The SLA should not only include a description of the services to be provided and their expected service levels, but also metrics by which the services are measured, the duties and responsibilities of each party, the remedies or penalties for breach, and a protocol for adding and removing metrics.
The SLA should be a written document which is signed off on by executive management. Otherwise it becomes a grey area, and in this case IT often loses.
To define the right Data Protection strategy, several input variable need to be taken into account. Besides the technical numbers which we can measure with tooling, we need to define some functional requirements:
- Backup windows (e.g. what is the impact on the user’s experience, degraded system performance etc.)
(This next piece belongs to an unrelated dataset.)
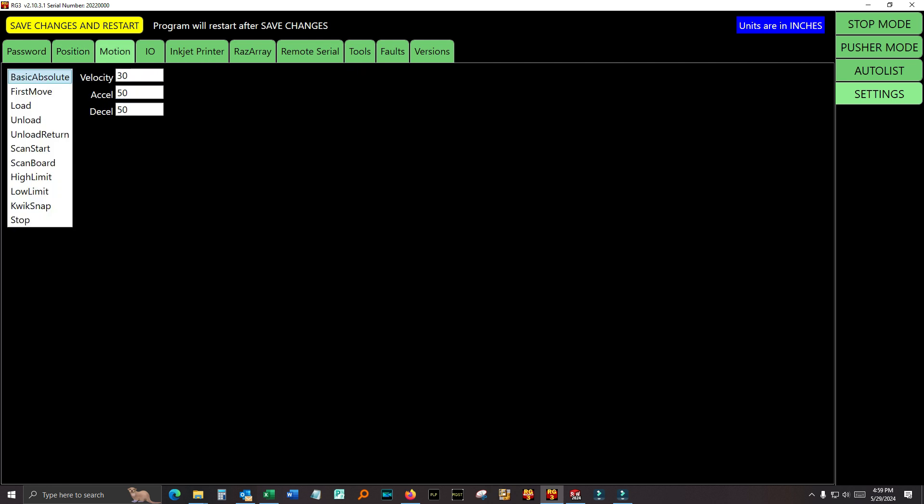We're done with this page. Motion. These are easy. These are the speeds for the different kinds of moves. This is just your basic move. Velocity, accel, decel. First move. Load moves. Unload moves. Unload returns. Scan start. Scan board. Each one of these, you can set a different speed. When you're moving, when you click the high limit button, or the low limit button, you can set a speed for that. So, kind of cool.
- Backup frequency (e.g. every hour, once a day, etc. and its feasibility and impact)
- Backup copies (e.g. to comply to 3-2-1 or other policies, regulations, ransomware protection)
- Set specific timeframes for the data recovery based on the age of that data (e.g. data from yesterday restored from SAN will be faster than restoring 6-months old data from tape.)
- Define restore times (e.g. restoring a 500 TB database with additional transaction log reply is going to take time)
- Restore guarantees (e.g. do we guarantee the latest copy of data? Within which timeframe? Checked for corruption? Where do we restore to? In which order do we restore? etc.)
- Classification of data (e.g. by importance or confidentiality, where to store backups?, etc.)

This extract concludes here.